Epinasty is the increased growth of the upper surface of a plant part, such as a leaf, resulting in a downward bending of the part. Photo: Tom Ford
Recently, a Pennsylvania grower sold on the high efficiency rating of a vent-free unit purchased and installed one in his tomato greenhouse. For those unfamiliar with these units they utilize a motorized fresh air inlet that transports fresh outside air into the unit to aid in the combustion of the propane or natural gas fuel.
The grower thought that the vent-free heater sounded great since it would combine 90% fuel efficiency with the added benefit of injecting growth enhancing CO2 into the greenhouse environment.
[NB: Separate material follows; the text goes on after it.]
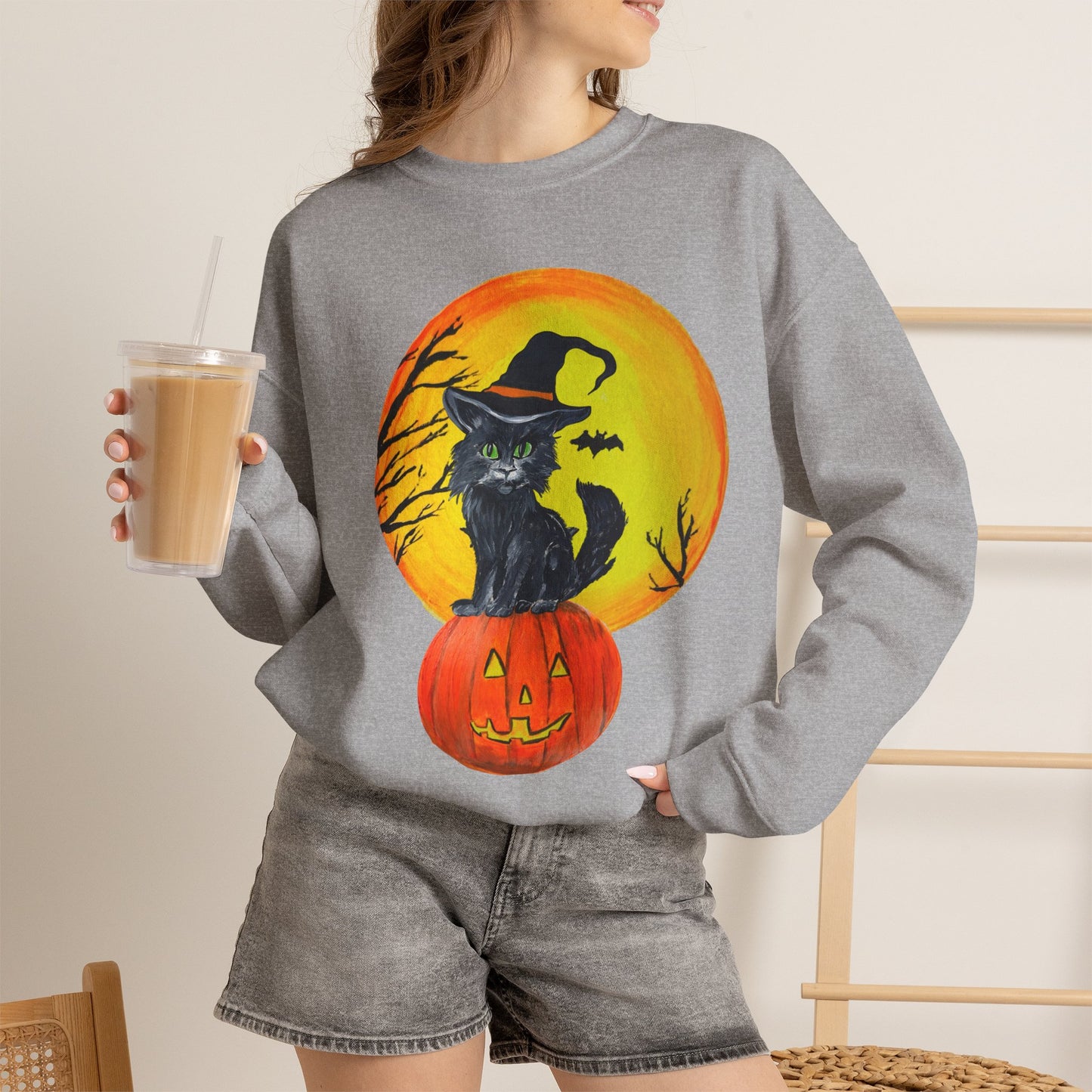 Witch Cat on Pumpkin Crewneck Sweatshirt | Halloween Black Cat Moon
While this specific unit looked good on paper the real impact of this purchase would be seen months later when cropping problems would be observed.
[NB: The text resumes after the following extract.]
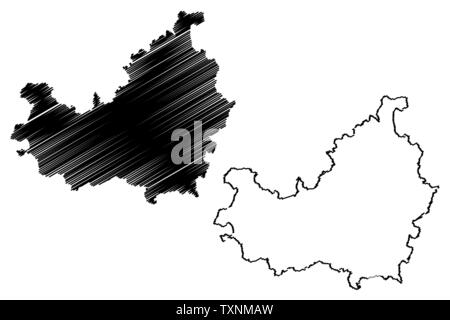 Le comté de Cluj (divisions administratives de la Roumanie, la région de développement Nord-Vest) map vector illustration gribouillage, croquis Cluj site Illustration de Vecteur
Traditional unit heaters are vented to the outside to allow for the transport of flue gases and water vapor to the outdoor environment. Flue gases can contain air pollutants like sulfur dioxide and ethylene. If these flue gases enter the growing space, they can result in flower and leaf abscission, epinasty (the downward bending of stems), foliar burn, and yield loss. Vented heaters tend to be less efficient than the vent-free heaters because some of the heat generated through combustion is also conducted up the vent-pipe and is lost to the outdoor environment.
Tomato plant exhibiting signs of ethyene injury. Photo: Tom Ford
Vent-free heaters are designed to minimize the byproducts from combustion while limiting heat loss to the outside environment. Vent-free heaters also produce water vapor which may increase the relative humidity in the greenhouse structure. Increases in relative humidity in the greenhouse environment may encourage condensation to form on the interior of the greenhouse film which could reduce light transmission to the growing crops. Reductions in light transmission may impact crop quality while elevated greenhouse humidity levels could increase the risk of foliar infection from diseases like leaf mold and pollination related fruiting issues.
Ethylene is a colorless, odorless gas that can injure some plants at very low levels (.05 to. 01 ppm). As the level of ethylene increases in the greenhouse atmosphere the observable severity of plant injury increases. The installation of an old school distribution tube (fan jet system) in the greenhouse will dilute the flue gases while mixing the air inside the structure. This practice should lessen the risk of plant injury in greenhouses where vent-free heating technologies have been employed.